Tax Rates Reduced - Estate Tax Eliminated
Introduction
The horse industry has long supported efforts to reduce personal tax rates and eliminate the estate tax and the American Horse Council has worked with other interests in Washington toward these goals.
Previously, the federal estate tax provided for a top rate of 55 percent. This rate often forced the heirs of a family owned business, like a horse farm, training facility or ranch, to sell land or other business assets in order to raise funds to pay the estate taxes.
Background
Bills were introduced in the last few Congresses to eliminate the so-called “death tax.” Some passed the House or Senate; some passed both houses; but none did both and survived a Presidential veto.
On March 15, 2001, the Senate Finance Committee held hearings to explore the ramifications of the estate tax. Other committees also held hearings. In addition, the Bush Administration pushed for a repeal of this tax in the President’s 2001 tax plan.
Congressional Action
Finally, last summer Congress passed, and the President signed, the Economic Growth and Tax Relief Reconciliation Act of 2001. This bill reduced federal income tax rates and eliminated the estate tax. The top individual tax rate dropped to 38.6% in 2001-2003, to 37.6% in 2004-2005 and to 35% in 2006 and later. There were corresponding reductions in the lower tax rates.
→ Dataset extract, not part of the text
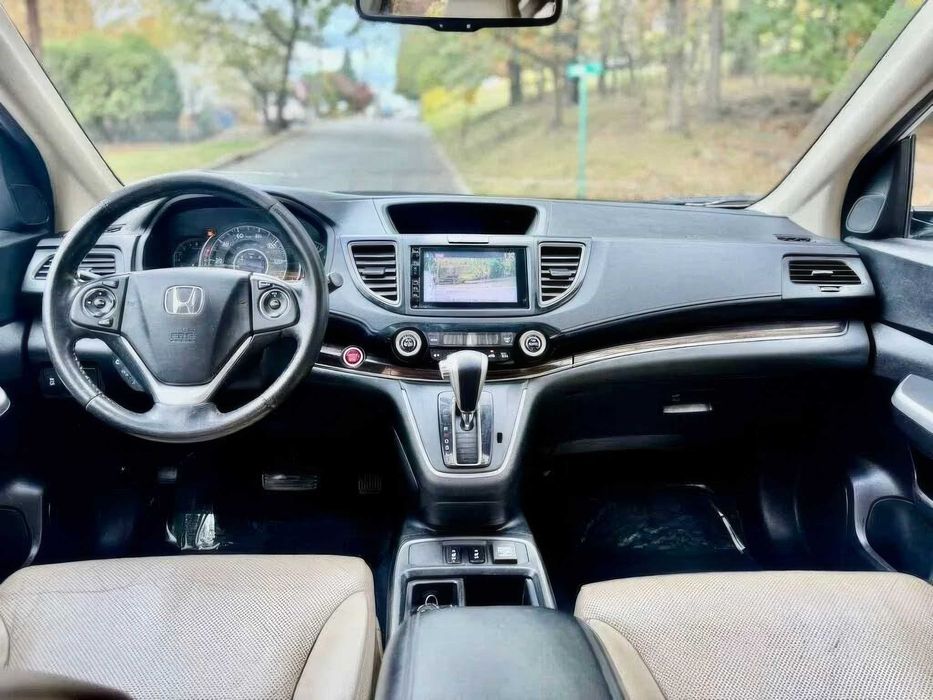 Honda CR-V EX-L      2016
The tax bill also raised the estate tax exemption to $1 million in 2002-2003, $1.5 million in 2004-2005, $2 million in 2006-2008 and $3.5 million in 2009 and thereafter.
The top estate and gift tax rate was also reduced from 55% to 45% over the 10 year period. The rate will drop to 50% in 2002, 49% in 2003, 48% in 2004, 47% in 2005, 46% in 2006, and 45% in 2007-2009.
Unfortunately, all of these reductions will be repealed automatically in 2010, unless Congress makes the changes permanent. Rates in effect prior to the changes will return at that time.
The 2001 tax bill also expanded the availability of qualified conservation easements by eliminating the requirement that the land be located within a certain distance from a metropolitan area, national park, wilderness area, or Urban National Forest. Thus, a qualified conservation easement may be claimed for any land that is located in the United States or its possessions.
The new law also increased the individual alternative minimum tax by $2,000 for single taxpayers and $4,000 for married taxpayers filing joint returns for 2001 through 2004.
AHC Position
Elimination of the estate tax was an important goal for the AHC.
The AHC will support any efforts to make permanent the favorable changes enacted by the Economic Growth and Tax Relief Reconciliation Act of 2001.